§ **EXERCISE OBJECTIVE**: Please set down exactly the lines from the one containing "Mikado Find System" through the last line of the records below, both included, with no pictures.

§ **DATA EXTRACTS**:
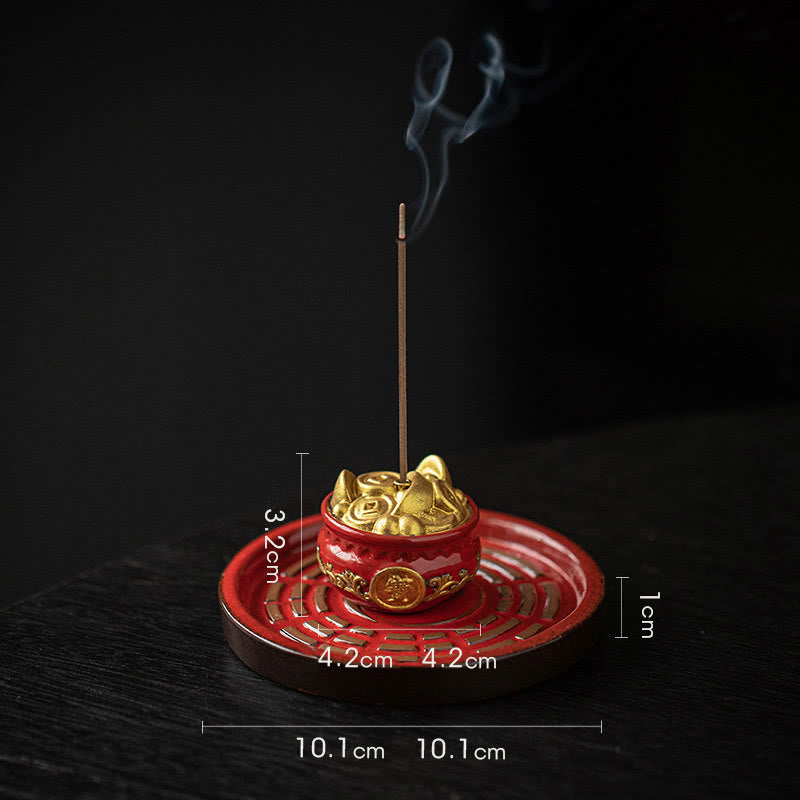 Nimara Ritual Small Treasure Bowl Lucky Bag Bagua Tray Healing Ceramic Stick Incense Burner Decoration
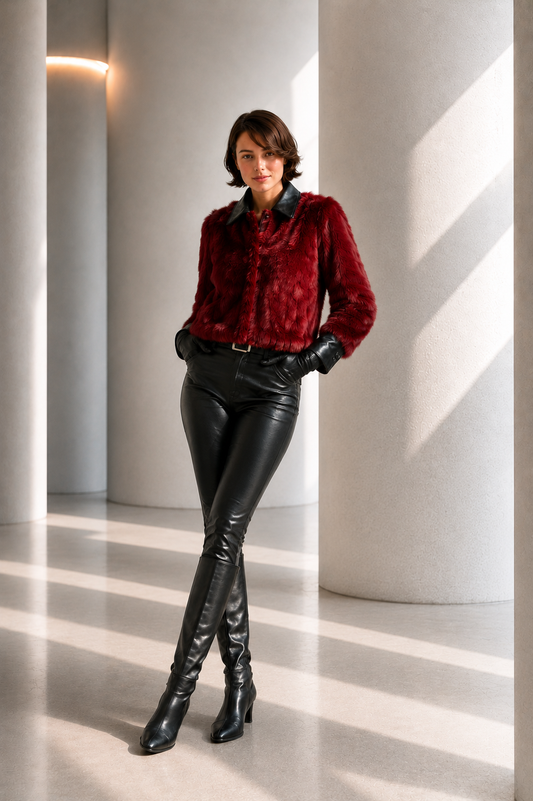 1970s Burgundy Fur & Leather Coat, Size 4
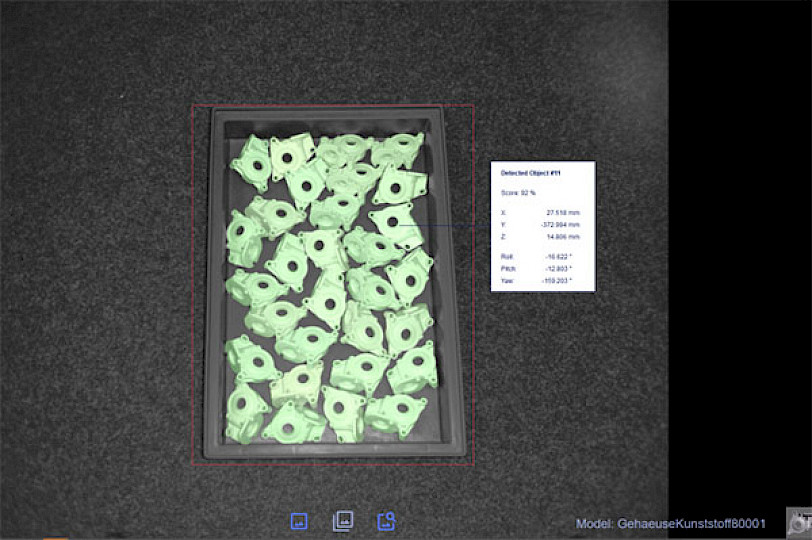 Mikado Find System solution that finds components in a box, which are marked in green.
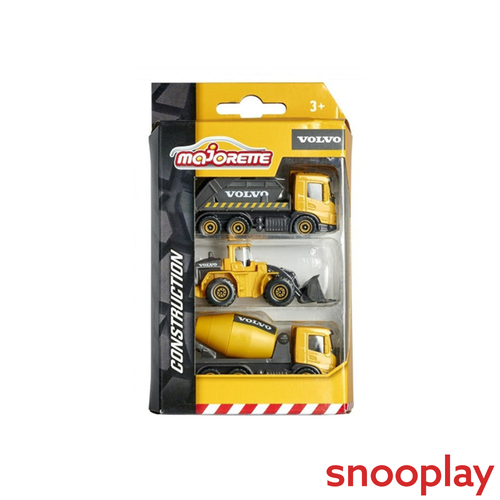 Original Licensed Majorette Set of 3 Volvo Diecast Construction Vehicle Set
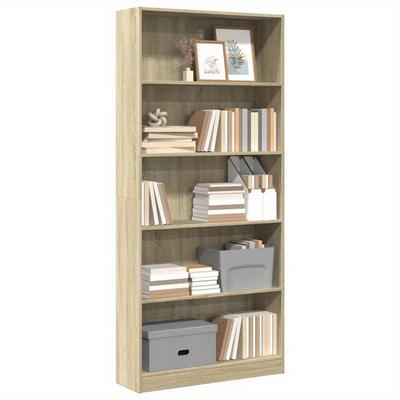 TEMU [ Build] Oak Wood Bookshelf - Natural , 80x24x176cm, Storage Organizer With Shelves For Books And Decor Items, Book Shelves, Standing Shelf Image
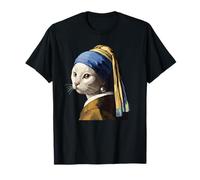 The Cat with a Pearl Earring T-Shirt Funny Vermeer Art Parod Camiseta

§ **YOUR RESPONSE**:
 Mikado Find System solution that finds components in a box, which are marked in green.
 Original Licensed Majorette Set of 3 Volvo Diecast Construction Vehicle Set
 TEMU [ Build] Oak Wood Bookshelf - Natural , 80x24x176cm, Storage Organizer With Shelves For Books And Decor Items, Book Shelves, Standing Shelf Image
 The Cat with a Pearl Earring T-Shirt Funny Vermeer Art Parod Camiseta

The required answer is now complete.